Well as luck would have it about a year later I see an advert for a newer Gyrodec with a Sumiko modded SME arm in mint condition (I think it was the V, but it might have been a IV). I sold my old one to my friend minus the cartridge (who still owns it), and installed the Sumiko BP on the newer setup...it sounded even better than the earlier version I had owned. Eventually I moved to our 2nd house which didn't have a room for my 2 channel setup, so I sold it and all my vinyl. Sometimes I miss it, but I still don't have a dedicated 2 channel room for a turntable, or any more vinyl...so it is unlikely I will go back to vinyl again. 

Funny thing is when I received the new Gyrodec...it was the same one that I had seen at Keith Yates Audio, as the shipping box had the original sales address on it from Keith Yates Audio!


----------



## Lumen (May 17, 2014)

*Re: What is your Favorite Turntable?*

Interesting story, ellisr63, and one similar to my own. I am currently digitizing my vinyl in preparation for permanent tear-down of 2-ch rig. It's highly unlikely we'll ever have separate spaces for 2-ch and HT systems, and the vinyl is taking up a lot of space. It's very hard for me to part with, as I imagine it was for you.

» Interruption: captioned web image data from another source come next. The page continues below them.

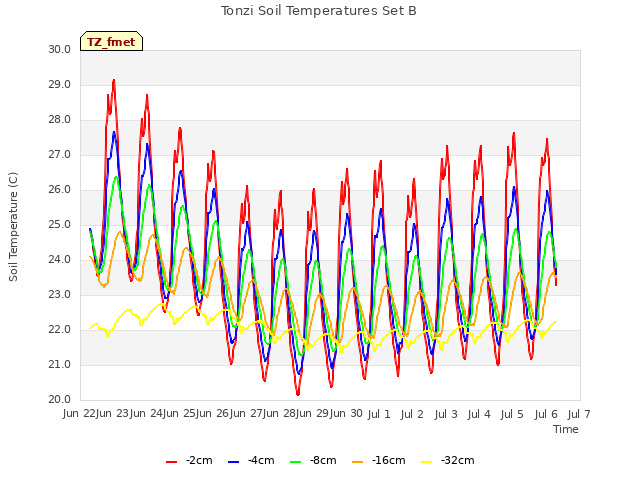 plot of Tonzi Soil Temperatures Set B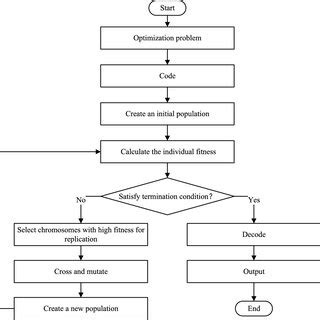 Image result for Genetic Algorithm Process Flow Chart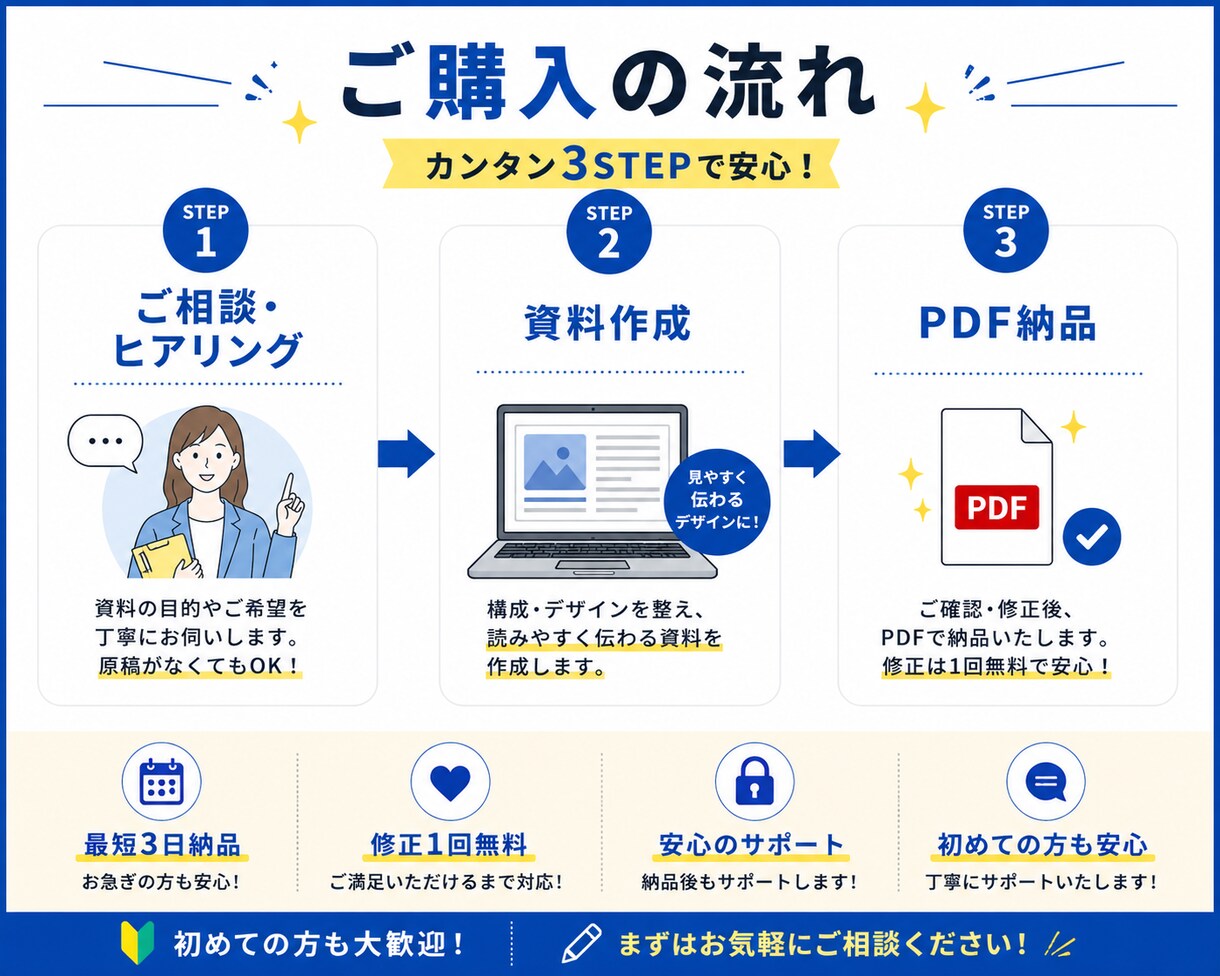 PDF教材・特典資料を見やすく作成しますます note特典・講座資料・営業資料・マニュアル対応 イメージ3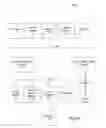 Fig. 02 - System and method for data transfer of object properties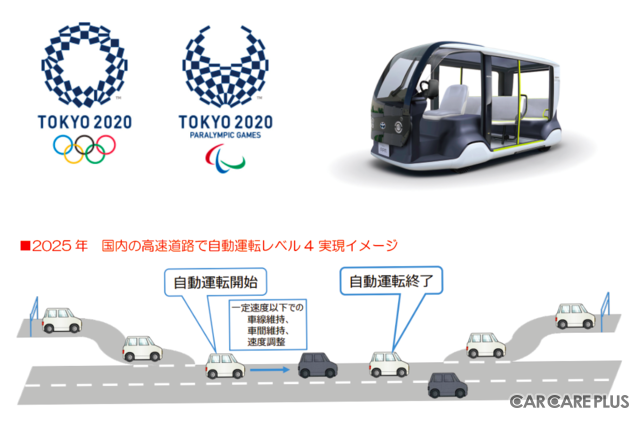 2025年には、高速道路でレベル4の自動運転が実現?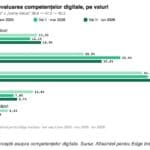 Românii au o părere tot mai bună privind propriile competențe digitale, deși Comisia Europeană arată că mai puțin de o treime au competențe digitale de bază – sondaj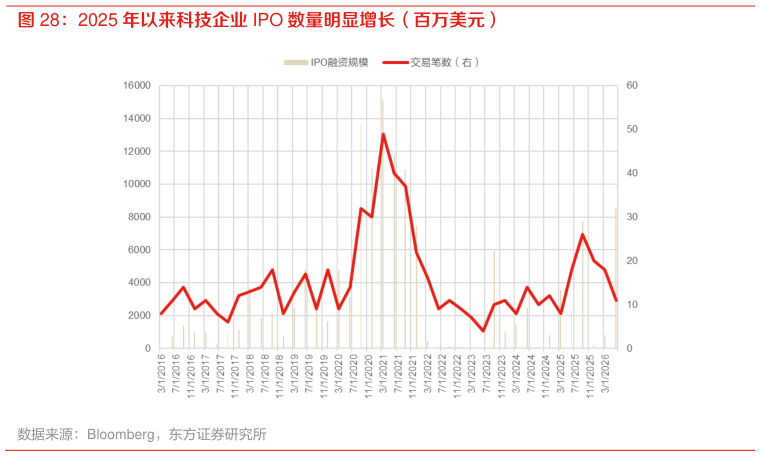 谁知道2025 年以来科技企业 IPO 数量明显增长（百万美元）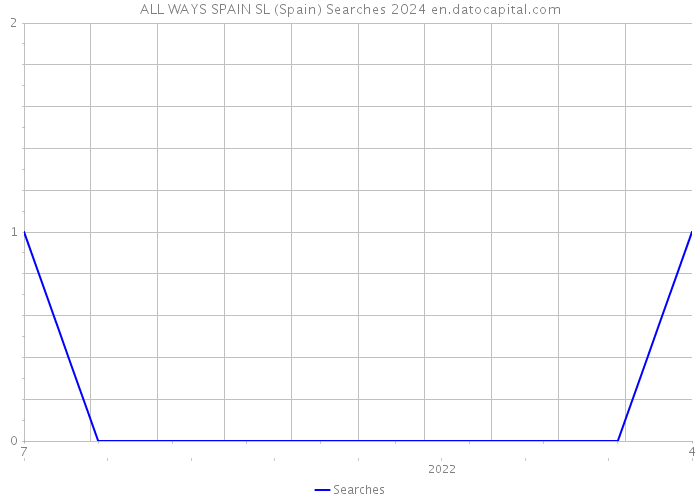 ALL WAYS SPAIN SL (Spain) Searches 2024 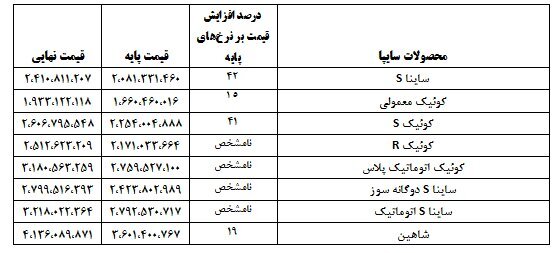 جدول قیمت نهایی خودروهای داخلی با احتساب مالیات و هزینههای جانبی | شاهین ۴۰۰ میلیون تومان را رد کرد | تارا اتومات گرانترین خودروی ایرانی شد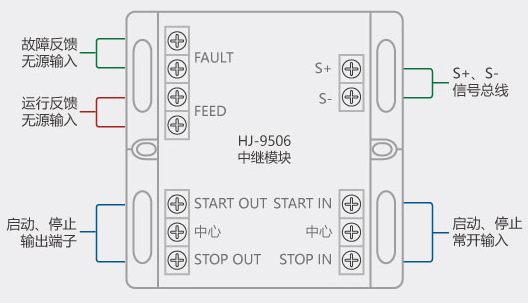 松江中继模块接线图片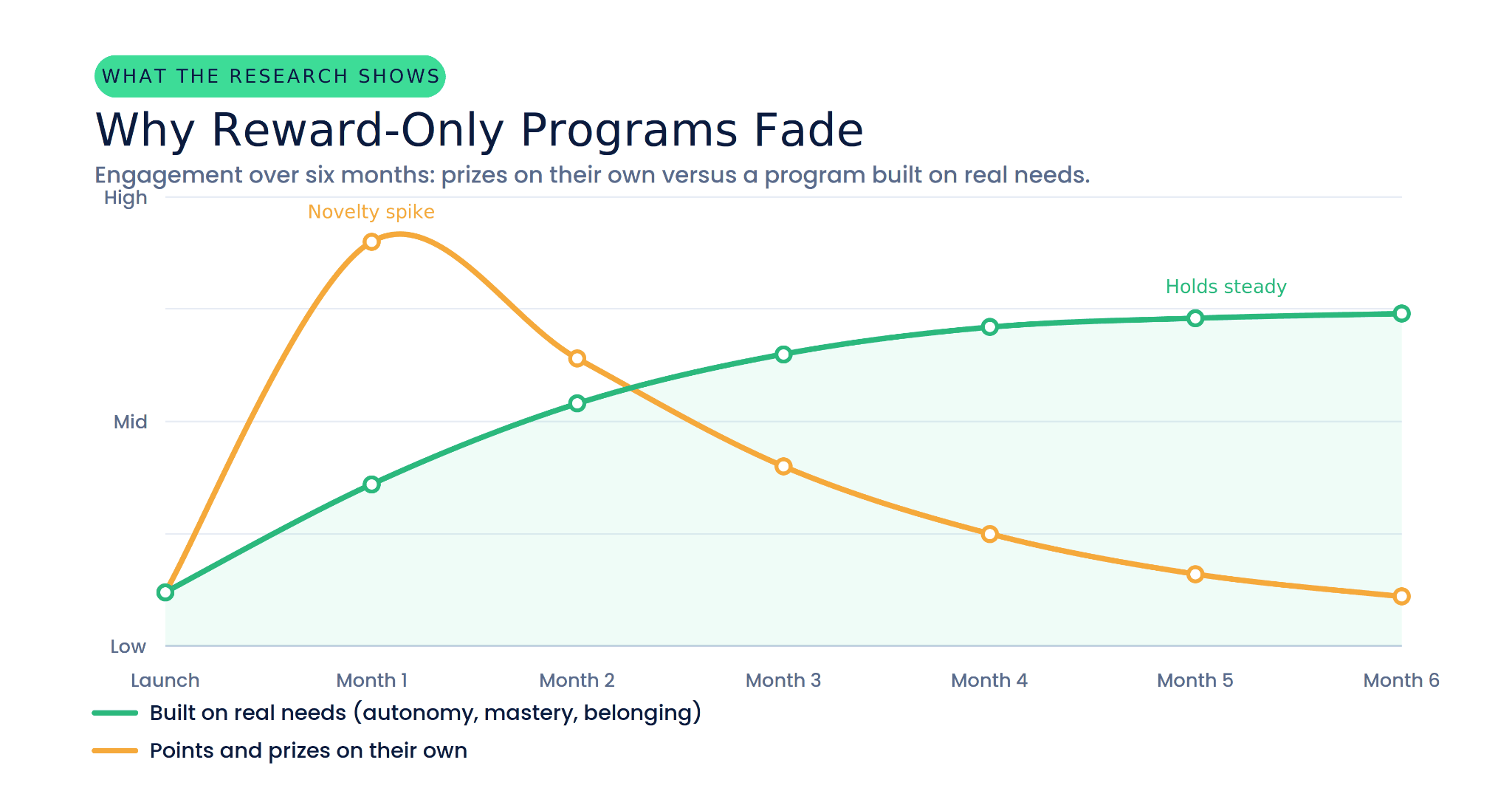 Line chart comparing engagement over six months: a needs-based program holds steady while a points-only program spikes then fades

Anyway, I started out on an Elac TT my father got for free with his purchase of a tubed Fisher receiver. He then handed down his trusty direct-drive Dual TT with a Shure V15 Type-3 cartridge. I later upgraded it with a Shure V-15 Type-V cartridge, which served well until the Upgrade Bug hit. The first TT I purchased on my own was a belt-driven VPI HW-19 Jr with a Rega RB-300 arm and Sumiko Blue Point Special cartridge. It was hard to believe how quiet my vinyl became with that simple change! That rig wasn't quite up to the standards of my other gear, so I eventually scraped enough together for my current VPI Super Scoutmaster (silly name with not-so-silly sound), which sports a 9-inch VPI JMW Memorial arm and Benz Micro Glider moving coil cartridge. 

That 'table is by far my favorite, and though it's beginning to sound cliche to those who have followed some of my other posts, I feel no need to upgrade further. I could try to insert a lot of audiophile verbiage here about how it sounds - the term "superb" comes to mind - but this rig is better served by how it makes you feel. Chills, goosebumps, & startle-factor all there!


----------



## DeepEnd (Jun 11, 2016)

*Re: What is your Favorite Turntable?*

My first "proper" deck was a Sansui SR222 Mk2 (bought in preference to the Pioneer PL-12D or Trio KD1033 that were more popular) that had a far better arm than most budget units, This went from a Goldring G800E cartridge, to an Ortofon FF15E Mk2 to an AKG P8ES.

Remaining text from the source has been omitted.